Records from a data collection
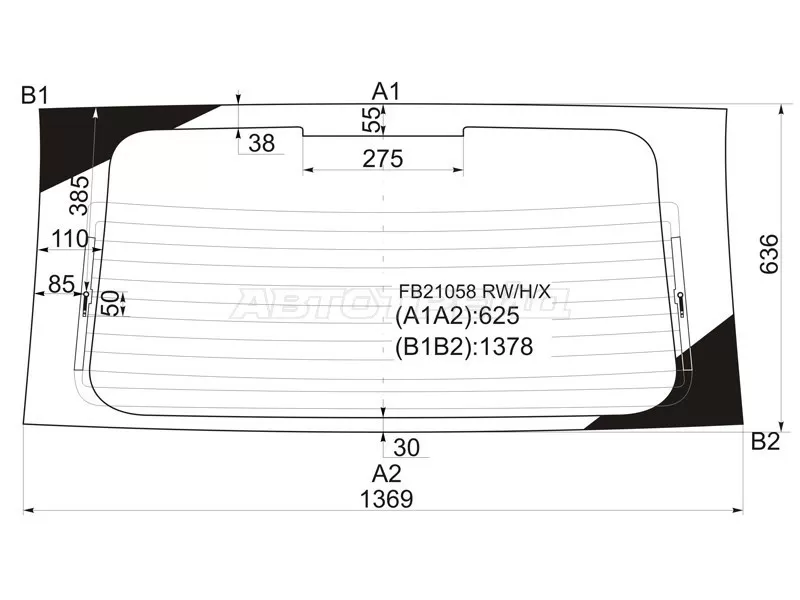 Стекло заднее (Цвет зеленый / Обогрев) Acura MDX 00-06  / Honda MDX 03-06 (XYG: FB21058 RW/H/X)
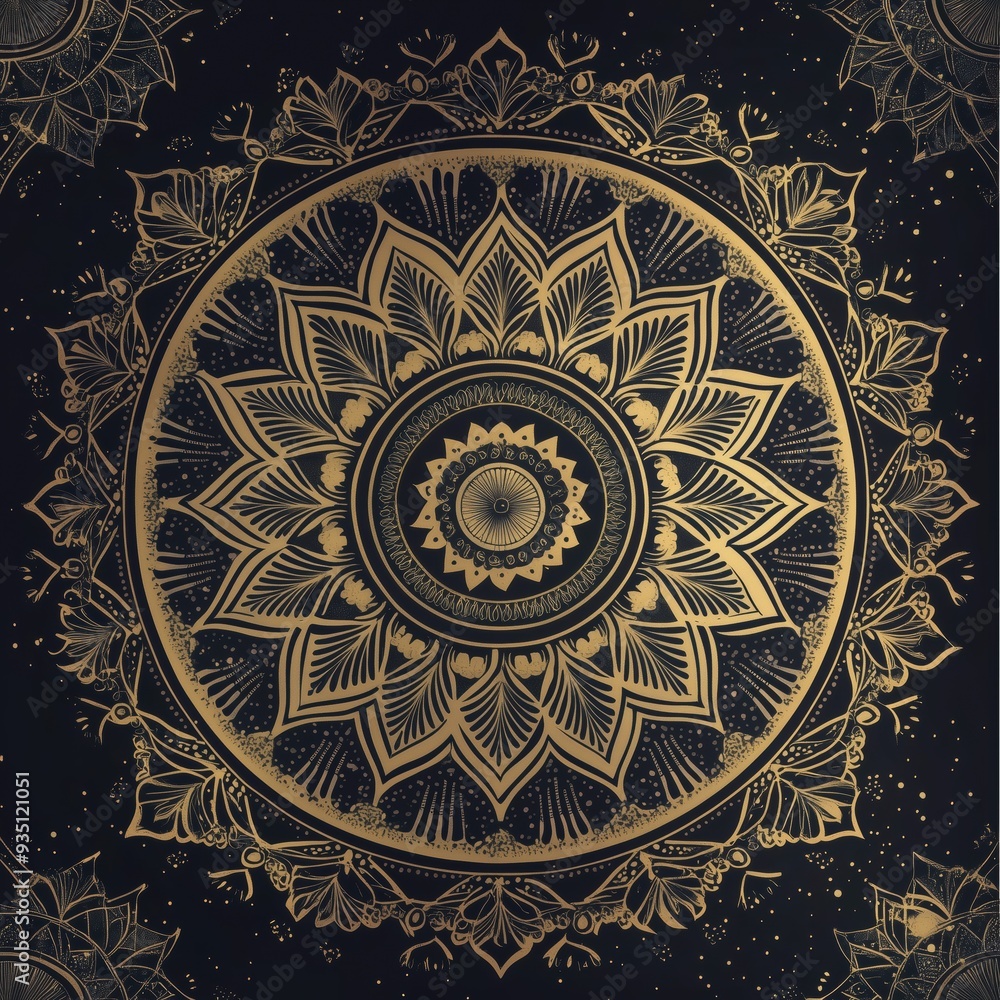 Obraz premium Golden Mandala on Black Background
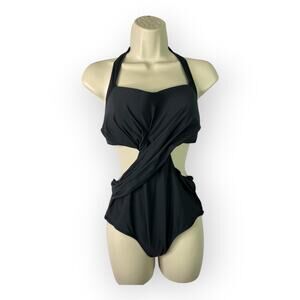 Mermaid Anthro Medium Black Criss Cross Open Back One Piece Bathing Suit Black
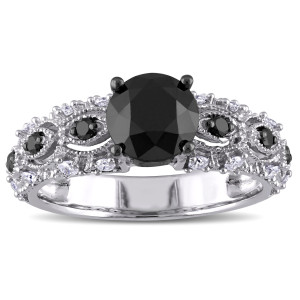 Yaffie ™ Custom Vintage Engagement Ring: 2ct TDW Black and White Diamonds in White Gold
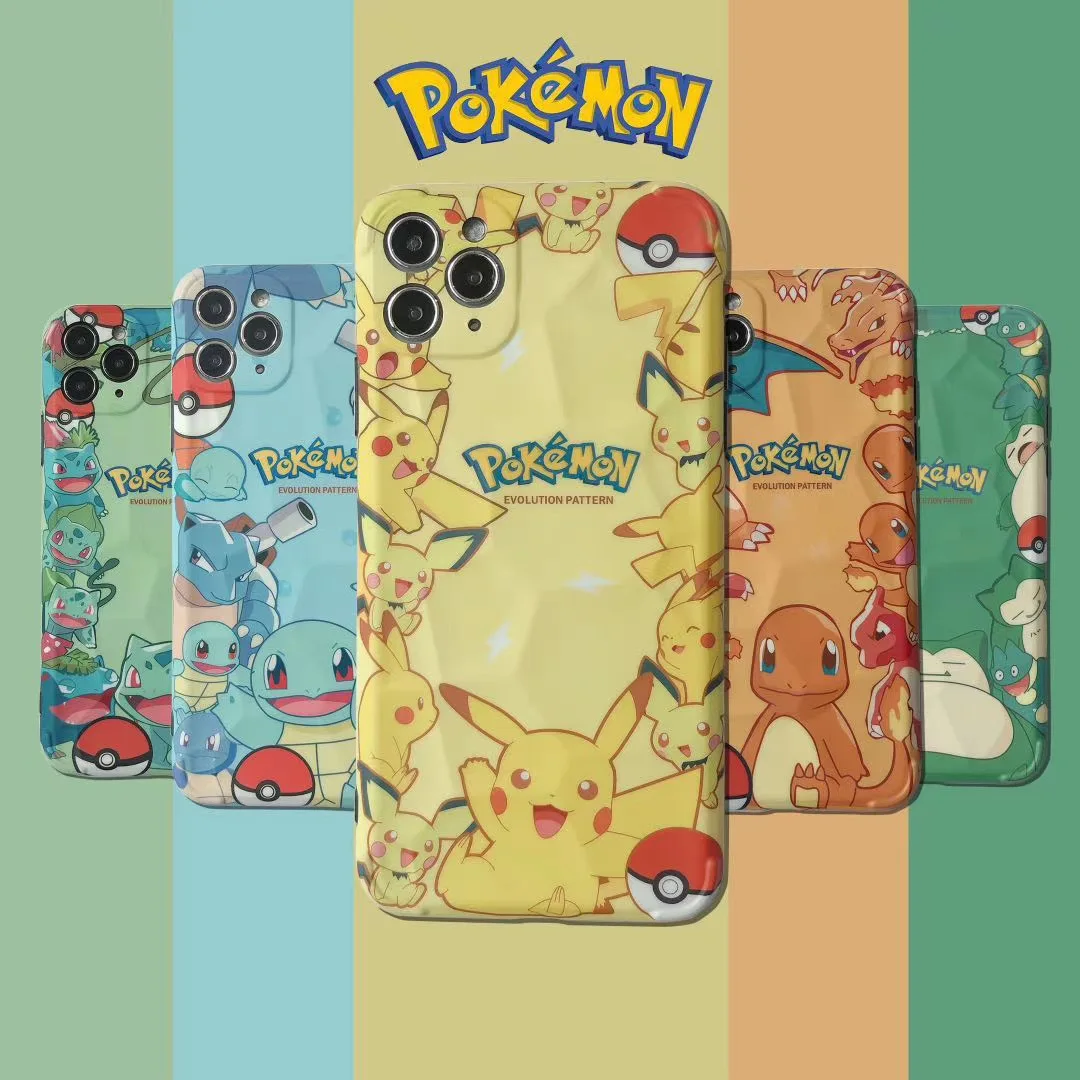 

Pikachu Phone Case Kawaii Pokemon Anime Charmander Cute Cartoon Squirtle Girly Heart iPhone 12/13Pro/14Promax Toy for Girls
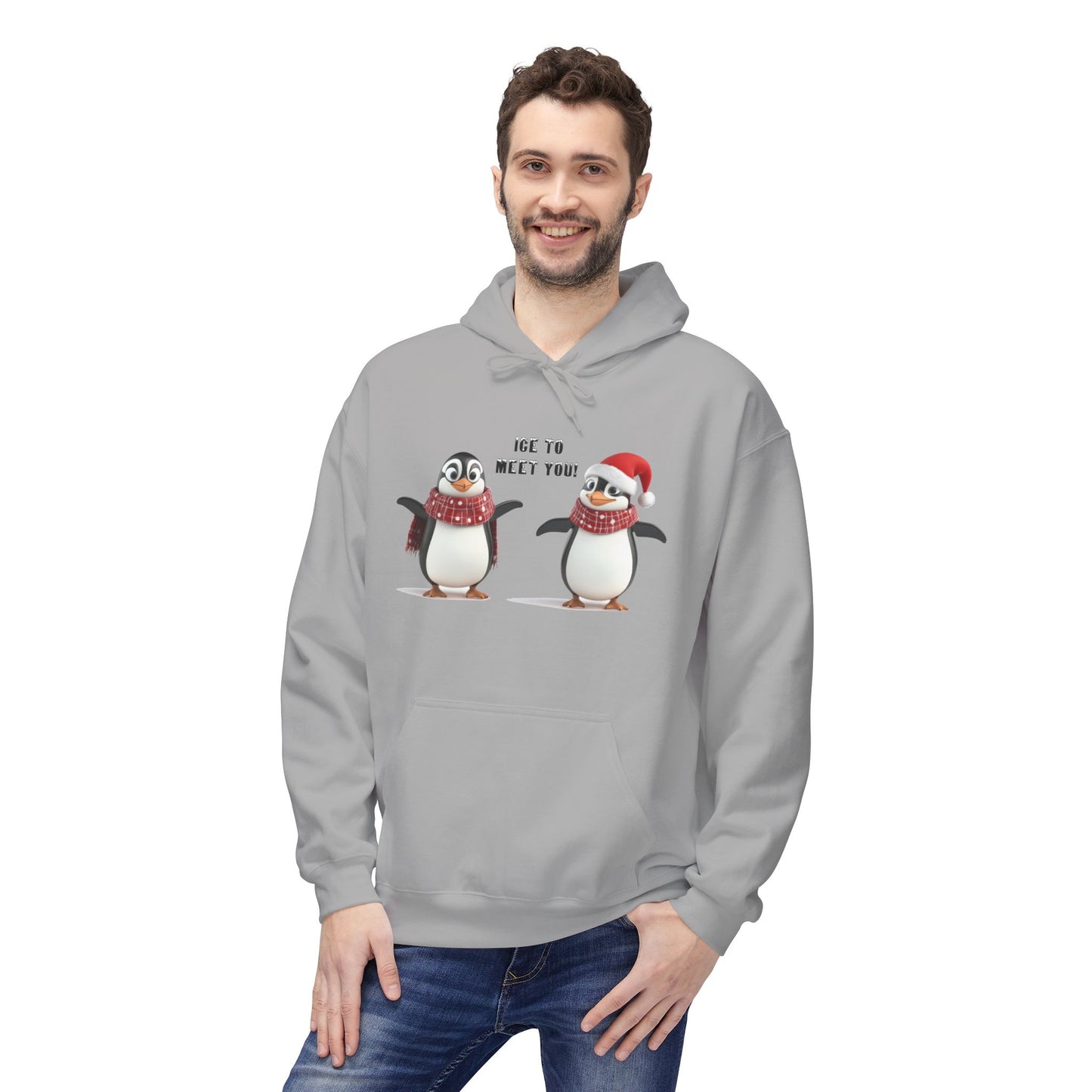 Ice to Meet You Hoodie – Cute Penguin Holiday Sweatshirt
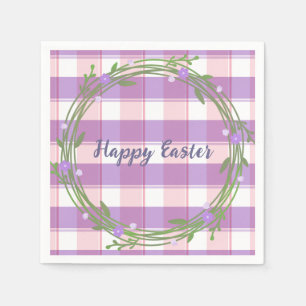 Lavender Floral Wreath Pink Check Custom Easter  Napkin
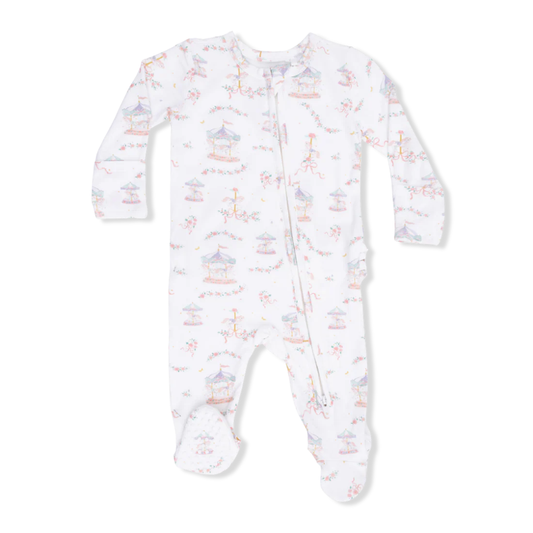 Carousel with Bows Ruffle Footie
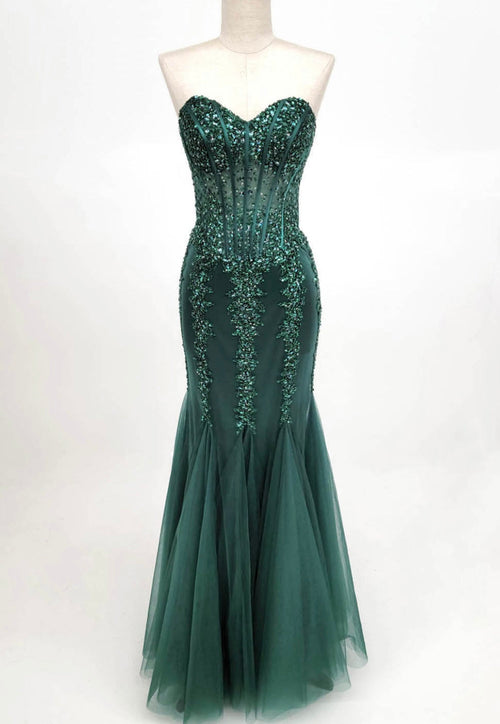 Chicas C820 Prom Black Mermaid Strapless Floor-Length Tulle Dress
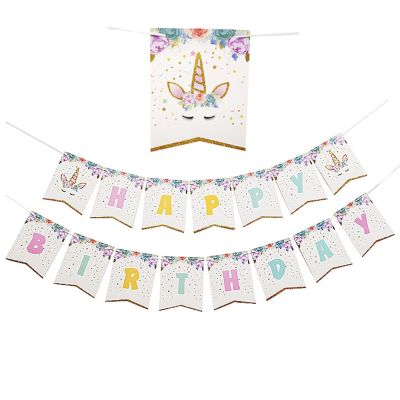 【CC】 1set Pink Glitter Unicorn Birthday Paper Flags Garland Happy Decorations Kids Supplies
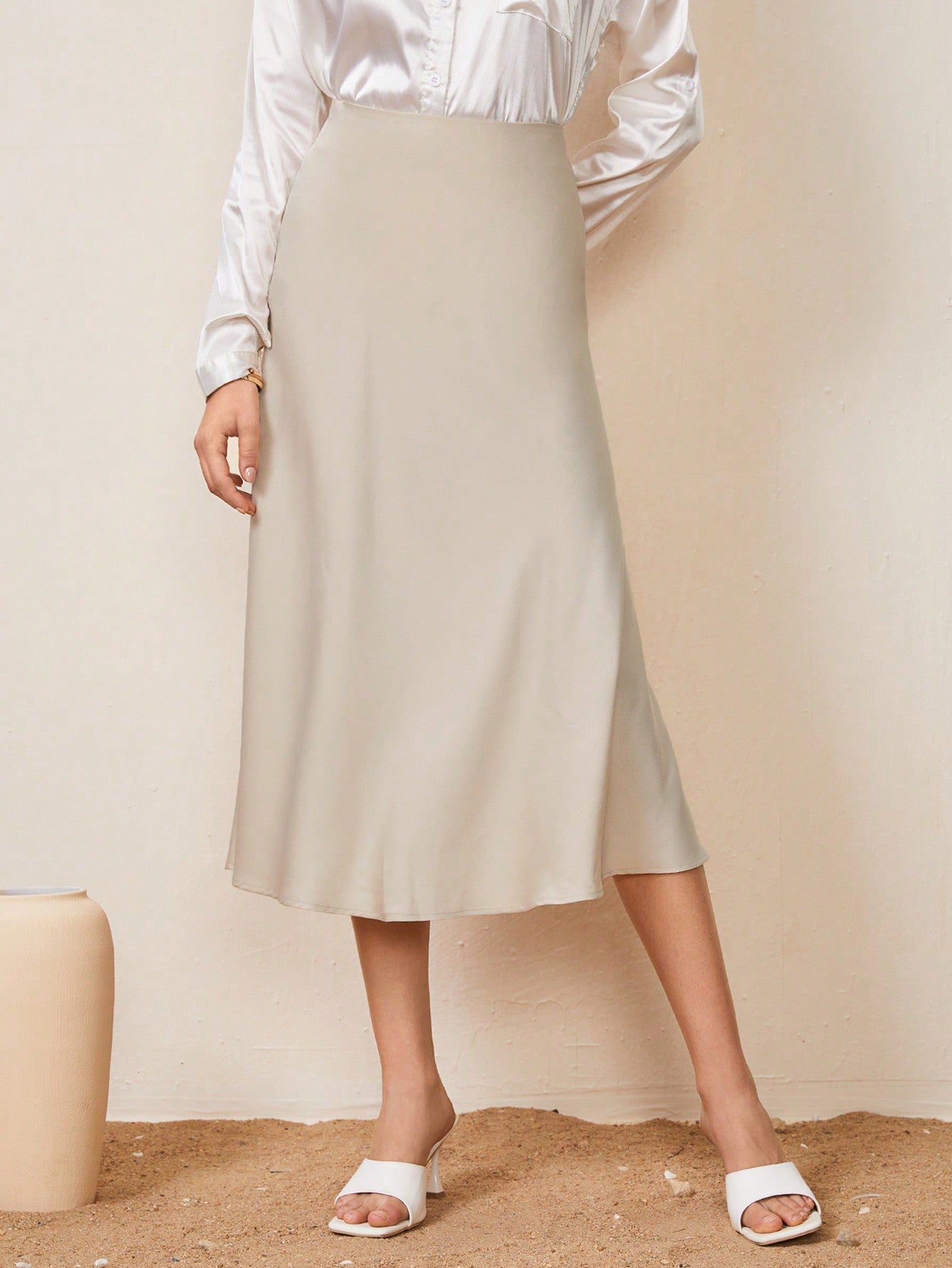 Serena Satin Midi Skirt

Problem to work on => Copy all of the data word for word, and keep the pictures out of it.

Exercise result =>
 Стекло заднее (Цвет зеленый / Обогрев) Acura MDX 00-06  / Honda MDX 03-06 (XYG: FB21058 RW/H/X)
 Obraz premium Golden Mandala on Black Background
 Mermaid Anthro Medium Black Criss Cross Open Back One Piece Bathing Suit Black
 Yaffie ™ Custom Vintage Engagement Ring: 2ct TDW Black and White Diamonds in White Gold

Pikachu Phone Case Kawaii Pokemon Anime Charmander Cute Cartoon Squirtle Girly Heart iPhone 12/13Pro/14Promax Toy for Girls
 Ice to Meet You Hoodie – Cute Penguin Holiday Sweatshirt
 Lavender Floral Wreath Pink Check Custom Easter  Napkin
 Carousel with Bows Ruffle Footie
 Chicas C820 Prom Black Mermaid Strapless Floor-Length Tulle Dress
 【CC】 1set Pink Glitter Unicorn Birthday Paper Flags Garland Happy Decorations Kids Supplies
 Serena Satin Midi Skirt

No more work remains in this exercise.